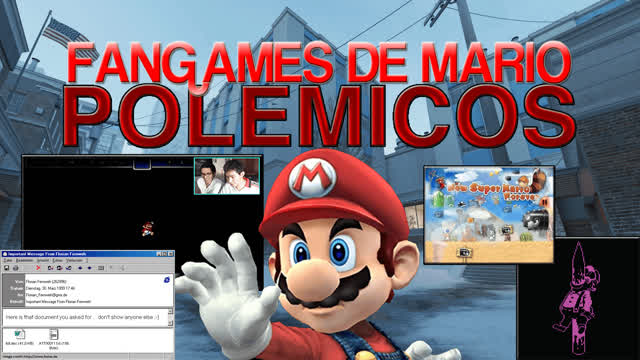Fangames polemicos de mario bros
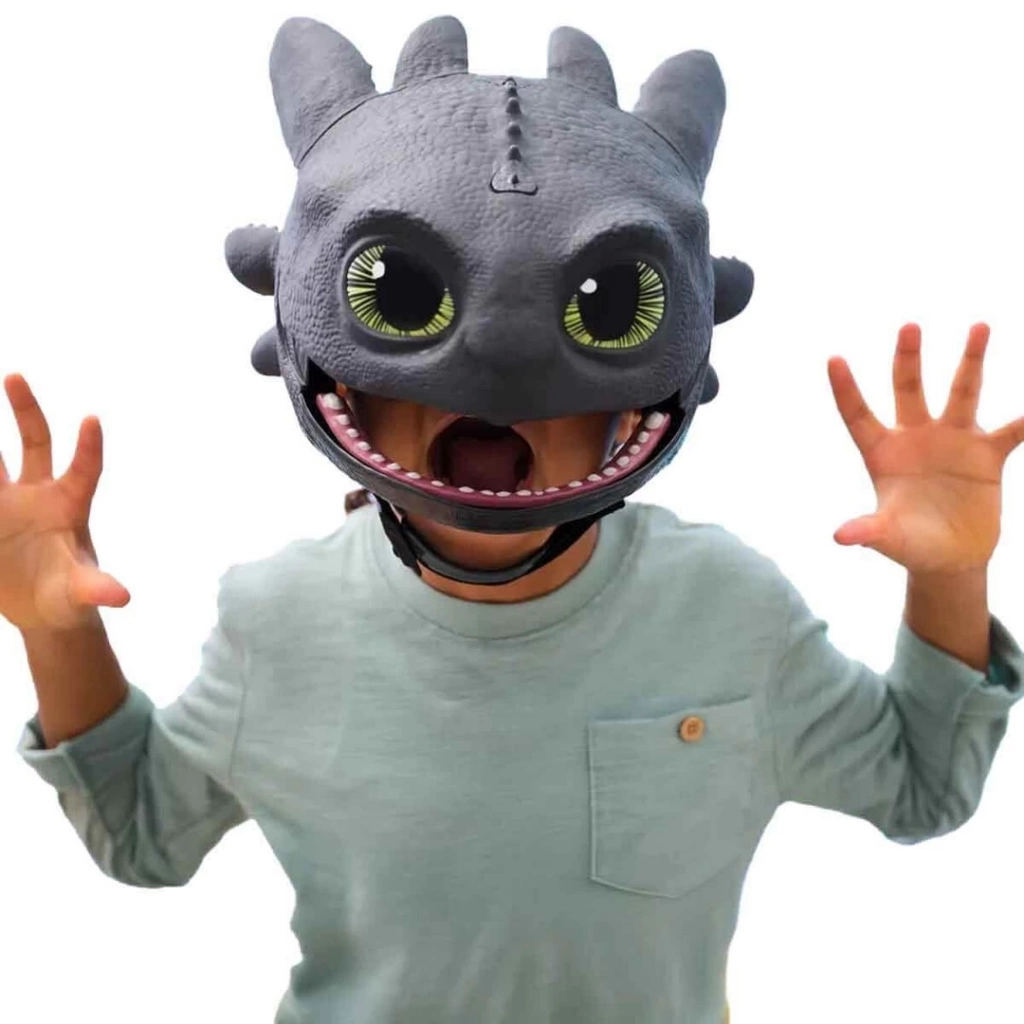 Eğitici Çocuk Ejderhayı Nasıl Eğitirsin? Toothless Sesli ve Işıklı Maske 38 cm - Görsel 2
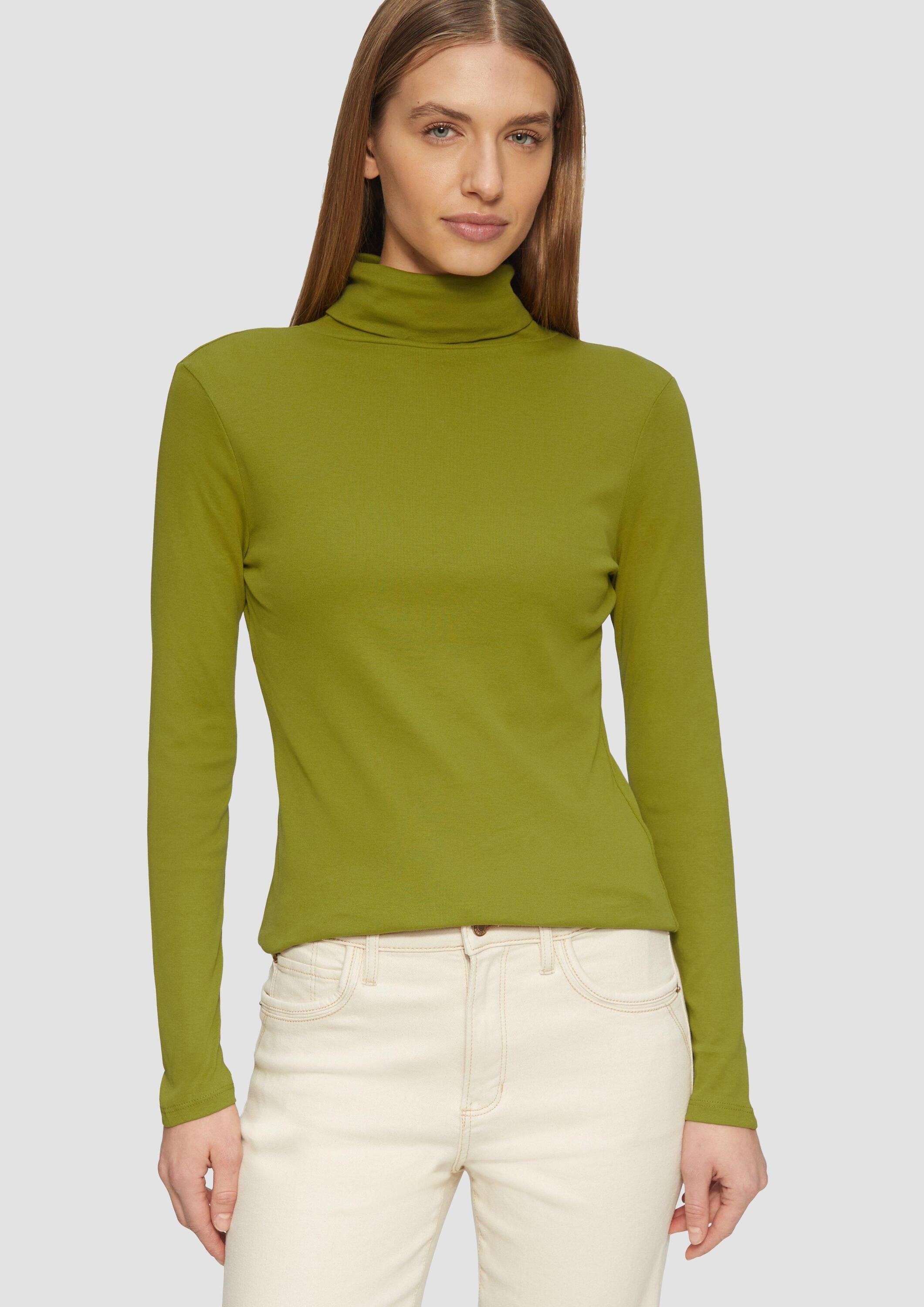 s.Oliver Langarmshirt T-Shirt Elastisches Langarmshirt mit Rollkragen günstig online kaufen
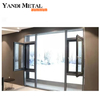 Compre ventana corrediza de aluminio con diseño de color personalizado con recubrimiento en polvo de alta calidad de China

WHAT THE EXERCISE ASKS: Exact copy, no pictures: please print the data above once more.

SOLUTION FOR THIS TASK:
Fangames polemicos de mario bros
 Eğitici Çocuk Ejderhayı Nasıl Eğitirsin? Toothless Sesli ve Işıklı Maske 38 cm - Görsel 2
 s.Oliver Langarmshirt T-Shirt Elastisches Langarmshirt mit Rollkragen günstig online kaufen
 Compre ventana corrediza de aluminio con diseño de color personalizado con recubrimiento en polvo de alta calidad de China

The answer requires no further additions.